Nanostructured zig-zag γ-Mo₂N thin films produced by glancing angle deposition for flexible symmetrical solid-state supercapacitors

Abstract

The performance of electrochemical capacitors strongly depends on their accessible surface area, chemical stability, and electrical conductivity. Simple columnar and zig-zag γ-Mo2N thin-film electrodes were prepared by magnetron sputtering. The latter is obtained by glancing angle deposition (GLAD), which is known for open porous structures due to the ballistic shadowing effect. As intended, the zig-zag structured γ-Mo2N electrode presents an outstanding area capacitance of 248 mF/cm2 at a scan speed of 50 mV/s, which is 4 times higher than that of the simple columnar one. Both of them exhibit excellent cycling stability of 95 % over 20,000 cycles (at 200 mV/s). The symmetrical solid-state supercapacitor prepared with the zig-zag structured γ-Mo2N thin film delivers an excellent power density of 107.1 W/cm3 at 33.8 mWh/cm3, and its volumetric capacitance is ∼ 3.5 times higher than the simple columnar structured γ-Mo2N device.

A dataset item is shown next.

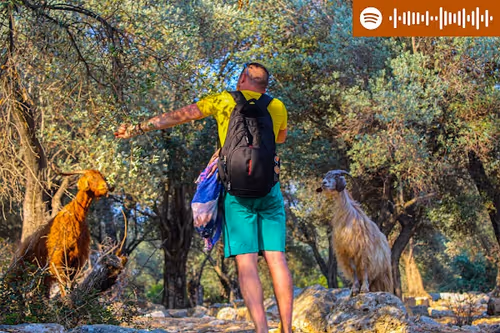 Item #107978139147131831661941634405889412338959910345453465515168770606429861052417 Media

Bending tests of such solid-state γ-Mo2N supercapacitors proved their mechanical flexibility to a bending angel of even 107°. Based on these studies we can conclude that the highly porous zig-zag structured γ-Mo2N-based electrodes prepared by GLAD combine outstanding electrochemical energy storage capabilities with excellent mechanical flexibility.